O que agitou os últimos dias em nosso mercado



01. Grupo Pão de Açúcar estuda parceria com o Mercado Livre O GPA está em conversas avançadas para fechar uma parceria com o Mercado Livre. De acordo com o jornal Valor Econômico, o Pão de Açúcar começará a vender itens de alimentação em um marketplace do Mercado Livre ainda em março. Além da parceria, o GPA também procura outros acordos com aplicativos de delivery. Isso significa que o GPA está buscando novas formas de expandir o potencial de demanda e receita que vem do delivery e do digital.
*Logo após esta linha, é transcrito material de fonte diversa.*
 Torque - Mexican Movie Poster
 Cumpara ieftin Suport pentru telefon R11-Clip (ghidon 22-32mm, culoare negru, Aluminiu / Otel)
02. BR Distribuidora e Lojas Americanas criam empresa para integrar lojas de conveniência Juntas, elas criaram uma empresa de R$ 995 milhões de valor de mercado e que será responsável pela operação das lojas de conveniência das marcas BR Mania e Local. De acordo com o jornal Valor Econômico, a Americanas vai poder fornecer produtos para as lojas de conveniência e há potencial que a nova empresa gerencie os comércios. Aqui lembrando que, em abril do ano passado, a BR Distribuidora fechou parceria com a Ame, da B2W (controlada da Americanas). E nos últimos dias, tem se falado que as Lojas Americanas e a B2W estão estudando uma fusão. O que isso pode significar para a nova empresa criada entre BR e Americanas no sentido do digital - ou melhor, do Phydigital?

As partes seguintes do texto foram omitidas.